_Work request_
Copy out the entries below exactly as they stand, but only from the line containing "vidaXL Ligstoel met" through the line containing "So Simple Gauze Cardigan w/Pockets - Lemonade".

══ Exercise material

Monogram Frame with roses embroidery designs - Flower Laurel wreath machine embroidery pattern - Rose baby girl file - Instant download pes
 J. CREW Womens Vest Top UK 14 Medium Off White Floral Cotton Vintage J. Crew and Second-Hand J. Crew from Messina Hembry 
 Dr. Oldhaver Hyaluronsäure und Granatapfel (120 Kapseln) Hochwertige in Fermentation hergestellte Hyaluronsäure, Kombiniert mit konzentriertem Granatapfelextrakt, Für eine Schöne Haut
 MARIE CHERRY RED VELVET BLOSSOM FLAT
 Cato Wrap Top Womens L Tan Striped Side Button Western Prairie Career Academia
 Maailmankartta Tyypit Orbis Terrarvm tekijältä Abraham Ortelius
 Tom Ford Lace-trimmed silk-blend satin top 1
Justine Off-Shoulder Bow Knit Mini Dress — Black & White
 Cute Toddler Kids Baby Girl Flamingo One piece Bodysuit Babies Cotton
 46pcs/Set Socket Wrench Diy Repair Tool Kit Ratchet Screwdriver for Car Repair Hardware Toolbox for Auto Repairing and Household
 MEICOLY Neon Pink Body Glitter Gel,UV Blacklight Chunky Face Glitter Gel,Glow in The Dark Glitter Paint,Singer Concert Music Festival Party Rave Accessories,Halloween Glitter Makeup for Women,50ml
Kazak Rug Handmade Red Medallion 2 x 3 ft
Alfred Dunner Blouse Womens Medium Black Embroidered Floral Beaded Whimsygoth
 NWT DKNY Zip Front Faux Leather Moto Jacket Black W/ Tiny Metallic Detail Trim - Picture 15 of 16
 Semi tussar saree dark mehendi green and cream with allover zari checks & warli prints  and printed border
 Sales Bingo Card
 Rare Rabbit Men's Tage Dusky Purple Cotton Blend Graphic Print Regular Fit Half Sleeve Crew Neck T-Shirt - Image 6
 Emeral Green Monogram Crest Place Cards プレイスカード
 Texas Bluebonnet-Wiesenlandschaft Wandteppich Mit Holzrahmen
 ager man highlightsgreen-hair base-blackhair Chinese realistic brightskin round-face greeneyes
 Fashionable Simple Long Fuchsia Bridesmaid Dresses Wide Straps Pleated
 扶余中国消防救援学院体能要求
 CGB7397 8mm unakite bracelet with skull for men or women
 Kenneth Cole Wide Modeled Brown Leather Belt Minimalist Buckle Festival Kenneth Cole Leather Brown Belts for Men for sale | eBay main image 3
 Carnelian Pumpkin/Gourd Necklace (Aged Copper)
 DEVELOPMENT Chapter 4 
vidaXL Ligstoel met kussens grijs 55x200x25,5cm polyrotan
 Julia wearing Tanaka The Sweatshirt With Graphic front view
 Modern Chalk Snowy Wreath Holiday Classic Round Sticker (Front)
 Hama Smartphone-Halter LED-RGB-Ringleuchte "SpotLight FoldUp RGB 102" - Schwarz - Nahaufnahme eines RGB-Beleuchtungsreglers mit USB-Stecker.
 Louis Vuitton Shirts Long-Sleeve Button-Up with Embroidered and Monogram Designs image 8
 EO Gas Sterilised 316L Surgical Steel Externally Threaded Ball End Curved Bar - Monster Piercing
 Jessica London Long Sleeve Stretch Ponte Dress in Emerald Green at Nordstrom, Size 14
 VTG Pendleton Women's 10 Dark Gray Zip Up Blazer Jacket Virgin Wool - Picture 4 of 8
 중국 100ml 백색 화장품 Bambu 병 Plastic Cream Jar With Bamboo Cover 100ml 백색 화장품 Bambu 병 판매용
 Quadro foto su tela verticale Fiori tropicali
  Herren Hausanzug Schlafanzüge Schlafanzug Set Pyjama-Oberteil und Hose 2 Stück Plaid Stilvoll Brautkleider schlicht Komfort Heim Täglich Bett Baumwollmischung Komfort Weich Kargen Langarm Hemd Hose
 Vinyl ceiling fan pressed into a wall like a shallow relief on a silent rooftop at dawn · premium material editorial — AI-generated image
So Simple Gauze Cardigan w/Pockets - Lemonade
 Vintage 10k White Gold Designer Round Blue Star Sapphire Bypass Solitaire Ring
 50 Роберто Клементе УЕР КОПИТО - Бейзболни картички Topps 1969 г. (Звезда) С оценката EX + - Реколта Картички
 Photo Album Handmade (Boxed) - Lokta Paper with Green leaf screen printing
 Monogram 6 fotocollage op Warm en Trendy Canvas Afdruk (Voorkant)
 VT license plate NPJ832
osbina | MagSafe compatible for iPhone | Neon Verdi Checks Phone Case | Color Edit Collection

════

_Written answer_
vidaXL Ligstoel met kussens grijs 55x200x25,5cm polyrotan
 Julia wearing Tanaka The Sweatshirt With Graphic front view
 Modern Chalk Snowy Wreath Holiday Classic Round Sticker (Front)
 Hama Smartphone-Halter LED-RGB-Ringleuchte "SpotLight FoldUp RGB 102" - Schwarz - Nahaufnahme eines RGB-Beleuchtungsreglers mit USB-Stecker.
 Louis Vuitton Shirts Long-Sleeve Button-Up with Embroidered and Monogram Designs image 8
 EO Gas Sterilised 316L Surgical Steel Externally Threaded Ball End Curved Bar - Monster Piercing
 Jessica London Long Sleeve Stretch Ponte Dress in Emerald Green at Nordstrom, Size 14
 VTG Pendleton Women's 10 Dark Gray Zip Up Blazer Jacket Virgin Wool - Picture 4 of 8
 중국 100ml 백색 화장품 Bambu 병 Plastic Cream Jar With Bamboo Cover 100ml 백색 화장품 Bambu 병 판매용
 Quadro foto su tela verticale Fiori tropicali
  Herren Hausanzug Schlafanzüge Schlafanzug Set Pyjama-Oberteil und Hose 2 Stück Plaid Stilvoll Brautkleider schlicht Komfort Heim Täglich Bett Baumwollmischung Komfort Weich Kargen Langarm Hemd Hose
 Vinyl ceiling fan pressed into a wall like a shallow relief on a silent rooftop at dawn · premium material editorial — AI-generated image
So Simple Gauze Cardigan w/Pockets - Lemonade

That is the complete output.